Tis_Bearself
Patron
The problem all of these attitudes run into is that the Church obviously needs people to choose the vocation of marriage and having children in order to keep the Church going through future generations until the Second Coming. I suspect back in the era of Paul, Christians were more likely to think Jesus would be coming back pretty soon, and there was also a great potential for converts, so they weren’t thinking about Christianity possibly going extinct for lack of members, or not having enough priests, etc to serve everyone. While I agree that celibacy can increase spirituality both through ascetic aspects and through just freeing up more of your time and resources to focus on loving God and neighbor, holding it up as the ideal of holiness undercuts both the need for the Church to keep producing new members until Christ returns, and the emphasis on family life that has been increasingly stressed by the Vatican in recent centuries.Tis_Bearself:
I think the problem we run into with this line of thought is that it could be read as suggesting celibacy is somehow more holy or spiritual than having a marriage and marital relations.

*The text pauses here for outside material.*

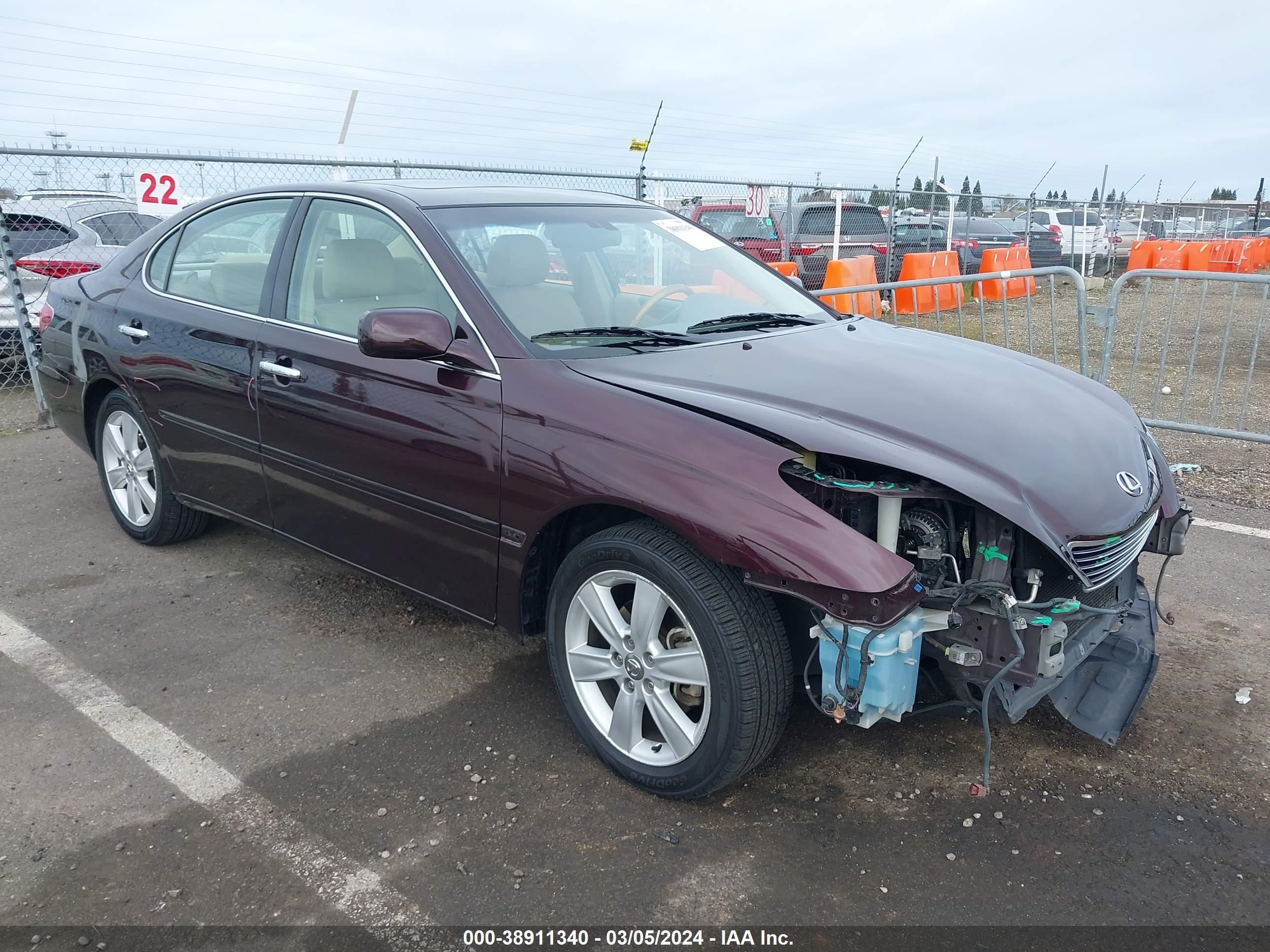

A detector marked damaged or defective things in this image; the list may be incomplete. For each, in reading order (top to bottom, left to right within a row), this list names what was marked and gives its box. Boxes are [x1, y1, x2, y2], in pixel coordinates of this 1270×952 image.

damaged lexus es [37, 180, 1191, 796]
crumpled hood [568, 323, 1167, 560]
front end damage [773, 455, 1191, 788]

This viewpoint would have been generally accepted in the days of St Augustine and St Bridget. Not so much today.
We would also have to deal with situations like Louis and Zelie Martin being counseled by their spiritual director to abandon the Josephite marriage idea and instead have sex and conceive children, which led to them producing one Doctor of the Church, one potential saint currently on the path, and several other children who led holy lives. Obviously their counselor’s advice bore wonderful fruit, but if celibacy was the holy ideal, then their counselor should have told the Martins, who were both very interested in living a holy life, to keep on abstaining.